Non poteva più ritornare laggiù, davanti ai figliuoli. Lo aveva ben presentito, partendo; lo sapeva che, passando il mare, sarebbe finita per lei. E ora, via, via, voleva andar via, più sè, più lontano, così in braccio a lui, cieca, fino alla morte.

Cesare ed Adriana decidono di continuare il loro viaggio insieme. Gli amanti visitano Roma, Firenze, Milano. Il tumore continua ad ‘aggredirla’, ma Adriana è in grado di sopportare il dolore e continuare.

E così passarono per Roma, poi per Firenze, poi per Milano, quasi senza veder nulla. La morte, annidata in lei, con le sue trafitture, li fustigava, e fomentava l’ardore.

– Niente! – diceva a ogni assalto, a ogni morso. – Niente…

E porgeva la bocca, col pallore della morte sul volto.

– Adriana, tu soffri…

– No, niente! Che m’importa?

È l’ultimo giorno… arriva la coppia a Venezia, ed Adriana crede che la morte sia vicina.

L’ultimo giorno, a Milano, poco prima di partire per Venezia, si vide nello specchio, disfatta. E quando, dopo il viaggio notturno, le si aprì nel silenzio dell’alba la visione di sogno, superba e malinconica, della città emergente dalle acque, comprese che era giunta al suo destino; che lì il suo viaggio doveva aver fine.

La coppia trascorre una bella giornata a Venezia; quella notte, Adriana non riesce a dormire…  ha una premonizione della sua morte.

Volle tuttavia avere il suo giorno di Venezia. Fino alla sera, fino alla notte, per i canali silenziosi, in gondola. E tutta la notte rimase sveglia, con una strana impressione di quel giorno: un giorno di velluto.

Il velluto della gondola? il velluto dell’ombra di certi canali? Chi sa! Il velluto della bara.

Il finale è profondamente, profondamente ambiguo… potrebb’esser più ambiguo, ci chiediamo? È sera, e Cesare ha lasciato il suo albergo per spedire delle lettere, mentre Adriana è sola nelle loro stanze. Nelle vicinanze, lei riconosce una busta aperta da suo figlio, che lei recupera e poi bacia, in preda alla disperazione. Poi trova il mix di sostanze chimiche (i “veleni”) che le sono stati dati a Palermo. Lei beve.

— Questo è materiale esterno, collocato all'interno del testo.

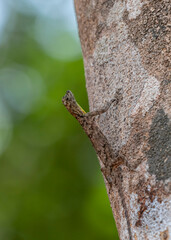 Southern flying lizard on a tree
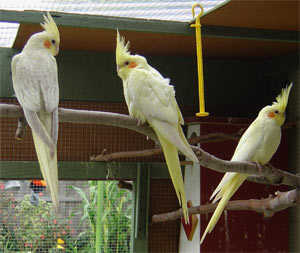 The three young cockatiels (nymphicus hollandicus)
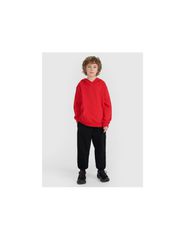 4F JUNIOR sweatshirt 4FJRAW25TSWSM249062S-thumb-5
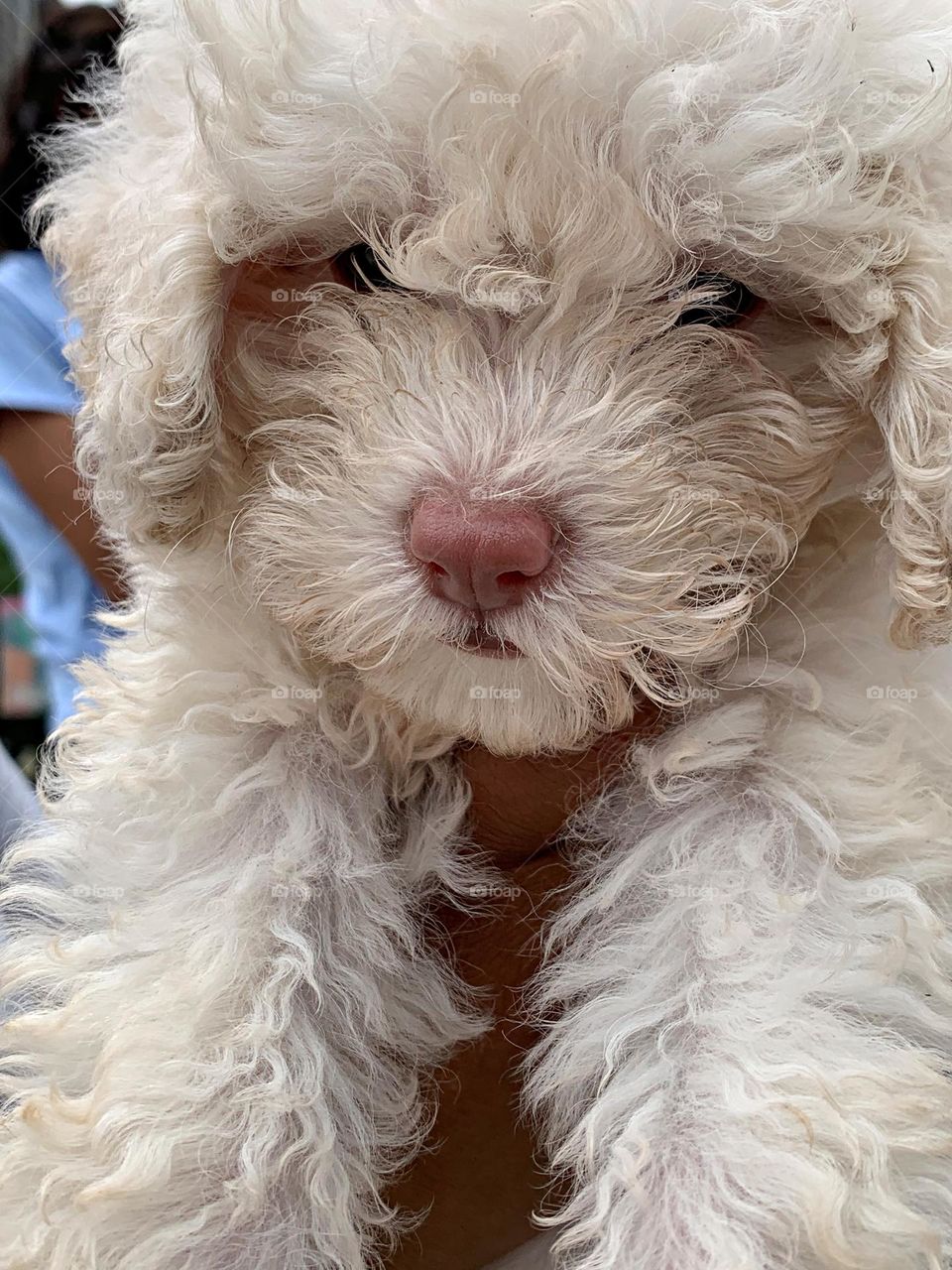 The Lagotto Romagnolo is one of the most ancient breeds, credited to be the forefather of modern water dog breeds. It originated in the 1400s in Italy. The Lagotto has a woolly and waterproof double coat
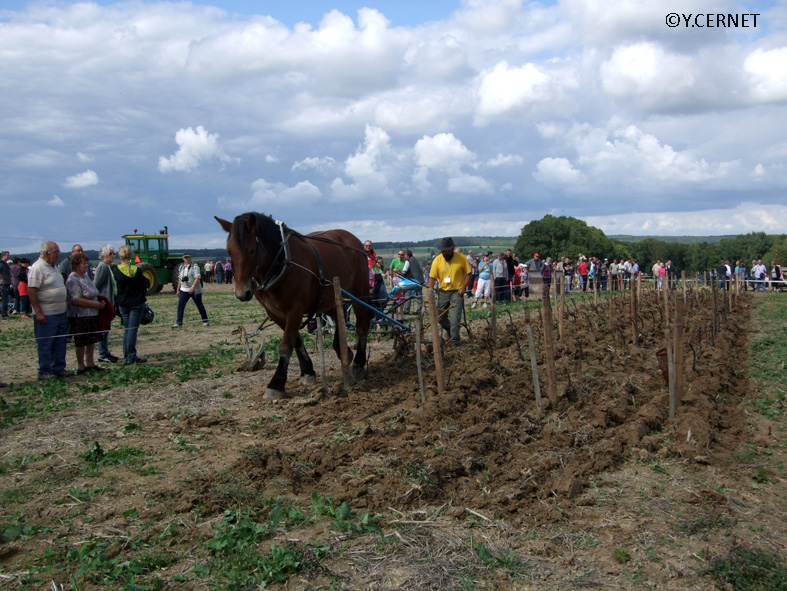 Labourage dans une vigne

Com’egli, la mattina seguente, scese dall’albergo per andare a impostare alcune lettere per la Sicilia, ella entrò nella camera di lui: scorse sul tavolino una busta lacerata; riconobbe i caratteri del maggiore dei suoi figliuoli: si portò quella busta alle labbra e la baciò disperatamente; poi entrò nella sua camera; trasse dalla borsa di cuojo la boccetta con la mistura dei veleni intatta, si buttò sul letto disfatto e la bevve d’un sorso.

***

Cari lettori, cosa ne pensate? È questo un atto di conformità con gli ordini d’un medico? oppure un suicidio?